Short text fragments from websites

=== Section Start ===

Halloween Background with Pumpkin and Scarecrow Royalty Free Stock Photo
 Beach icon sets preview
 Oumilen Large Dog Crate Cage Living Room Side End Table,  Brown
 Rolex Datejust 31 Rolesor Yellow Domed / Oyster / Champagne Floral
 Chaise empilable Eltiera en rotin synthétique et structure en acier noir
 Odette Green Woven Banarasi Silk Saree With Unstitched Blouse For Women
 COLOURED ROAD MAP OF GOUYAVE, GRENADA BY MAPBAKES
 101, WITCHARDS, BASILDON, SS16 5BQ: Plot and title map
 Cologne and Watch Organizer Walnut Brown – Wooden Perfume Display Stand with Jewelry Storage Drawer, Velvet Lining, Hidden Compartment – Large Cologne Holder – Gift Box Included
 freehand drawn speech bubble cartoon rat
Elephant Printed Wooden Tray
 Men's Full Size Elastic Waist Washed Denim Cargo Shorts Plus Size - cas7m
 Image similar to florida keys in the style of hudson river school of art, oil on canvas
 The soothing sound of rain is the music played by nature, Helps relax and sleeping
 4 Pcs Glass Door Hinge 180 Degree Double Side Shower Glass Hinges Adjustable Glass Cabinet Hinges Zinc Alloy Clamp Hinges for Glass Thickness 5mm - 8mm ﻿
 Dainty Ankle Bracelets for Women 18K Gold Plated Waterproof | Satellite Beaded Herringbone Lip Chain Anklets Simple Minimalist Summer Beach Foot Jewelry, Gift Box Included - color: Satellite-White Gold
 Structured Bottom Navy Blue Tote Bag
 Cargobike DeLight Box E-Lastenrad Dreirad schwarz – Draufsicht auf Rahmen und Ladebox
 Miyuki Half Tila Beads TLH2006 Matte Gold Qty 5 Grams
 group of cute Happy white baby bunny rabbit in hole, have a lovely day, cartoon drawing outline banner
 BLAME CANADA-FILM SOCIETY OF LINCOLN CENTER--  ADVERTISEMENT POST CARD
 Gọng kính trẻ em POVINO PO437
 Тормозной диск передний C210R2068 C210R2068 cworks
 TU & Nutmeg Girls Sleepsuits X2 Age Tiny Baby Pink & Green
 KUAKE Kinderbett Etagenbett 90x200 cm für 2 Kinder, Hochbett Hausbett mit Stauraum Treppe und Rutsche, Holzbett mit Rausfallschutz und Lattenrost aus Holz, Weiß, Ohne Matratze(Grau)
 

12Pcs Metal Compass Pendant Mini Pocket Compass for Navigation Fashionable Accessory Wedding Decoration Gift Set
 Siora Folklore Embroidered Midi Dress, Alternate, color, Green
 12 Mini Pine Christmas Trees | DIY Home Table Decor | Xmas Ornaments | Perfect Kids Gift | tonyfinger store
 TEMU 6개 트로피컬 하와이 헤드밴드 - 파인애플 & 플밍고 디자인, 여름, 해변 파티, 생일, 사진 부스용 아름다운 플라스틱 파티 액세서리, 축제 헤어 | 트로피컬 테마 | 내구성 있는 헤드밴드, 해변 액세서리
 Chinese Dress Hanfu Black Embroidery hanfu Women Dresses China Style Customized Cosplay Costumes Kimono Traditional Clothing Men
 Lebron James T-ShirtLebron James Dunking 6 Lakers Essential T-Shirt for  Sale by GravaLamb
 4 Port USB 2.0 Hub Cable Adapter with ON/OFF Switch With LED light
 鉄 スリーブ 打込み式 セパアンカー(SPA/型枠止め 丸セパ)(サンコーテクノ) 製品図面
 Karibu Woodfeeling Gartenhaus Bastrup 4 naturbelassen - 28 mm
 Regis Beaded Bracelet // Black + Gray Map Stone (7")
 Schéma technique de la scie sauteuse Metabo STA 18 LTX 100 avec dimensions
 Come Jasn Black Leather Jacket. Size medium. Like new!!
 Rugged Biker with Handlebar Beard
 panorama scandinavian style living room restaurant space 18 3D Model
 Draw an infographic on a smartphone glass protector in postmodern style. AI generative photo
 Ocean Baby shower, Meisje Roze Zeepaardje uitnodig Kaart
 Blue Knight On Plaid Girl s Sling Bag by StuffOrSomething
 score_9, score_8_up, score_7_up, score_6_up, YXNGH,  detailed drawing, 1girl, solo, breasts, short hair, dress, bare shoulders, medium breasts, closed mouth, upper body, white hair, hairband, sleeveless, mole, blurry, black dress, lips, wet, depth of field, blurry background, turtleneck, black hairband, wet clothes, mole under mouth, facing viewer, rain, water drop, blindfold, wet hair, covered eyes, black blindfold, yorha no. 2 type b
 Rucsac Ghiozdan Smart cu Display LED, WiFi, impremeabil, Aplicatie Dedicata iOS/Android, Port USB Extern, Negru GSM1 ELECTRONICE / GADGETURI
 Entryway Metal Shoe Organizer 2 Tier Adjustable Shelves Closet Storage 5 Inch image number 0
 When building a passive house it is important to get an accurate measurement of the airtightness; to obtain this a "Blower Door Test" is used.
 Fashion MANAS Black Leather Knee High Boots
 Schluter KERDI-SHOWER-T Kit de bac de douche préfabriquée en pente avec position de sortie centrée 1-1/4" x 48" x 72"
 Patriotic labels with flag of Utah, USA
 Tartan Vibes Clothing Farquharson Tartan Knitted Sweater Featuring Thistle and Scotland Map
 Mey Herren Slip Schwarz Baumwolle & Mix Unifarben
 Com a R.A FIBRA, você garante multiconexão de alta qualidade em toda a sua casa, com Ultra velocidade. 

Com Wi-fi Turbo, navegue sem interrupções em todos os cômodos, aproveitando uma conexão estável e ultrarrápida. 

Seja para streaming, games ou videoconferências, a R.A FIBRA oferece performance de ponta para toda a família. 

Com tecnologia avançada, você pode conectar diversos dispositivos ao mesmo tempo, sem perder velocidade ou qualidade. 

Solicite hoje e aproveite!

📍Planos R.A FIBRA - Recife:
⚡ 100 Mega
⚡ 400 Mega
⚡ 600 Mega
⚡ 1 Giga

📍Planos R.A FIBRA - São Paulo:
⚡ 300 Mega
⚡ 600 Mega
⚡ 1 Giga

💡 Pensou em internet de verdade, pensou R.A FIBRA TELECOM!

=== Section End ===

#### What is expected
All lines in the preceding records that hold the word "velocidade" need to be copied.

#### Answer for the task
 Com a R.A FIBRA, você garante multiconexão de alta qualidade em toda a sua casa, com Ultra velocidade. 
Com tecnologia avançada, você pode conectar diversos dispositivos ao mesmo tempo, sem perder velocidade ou qualidade. 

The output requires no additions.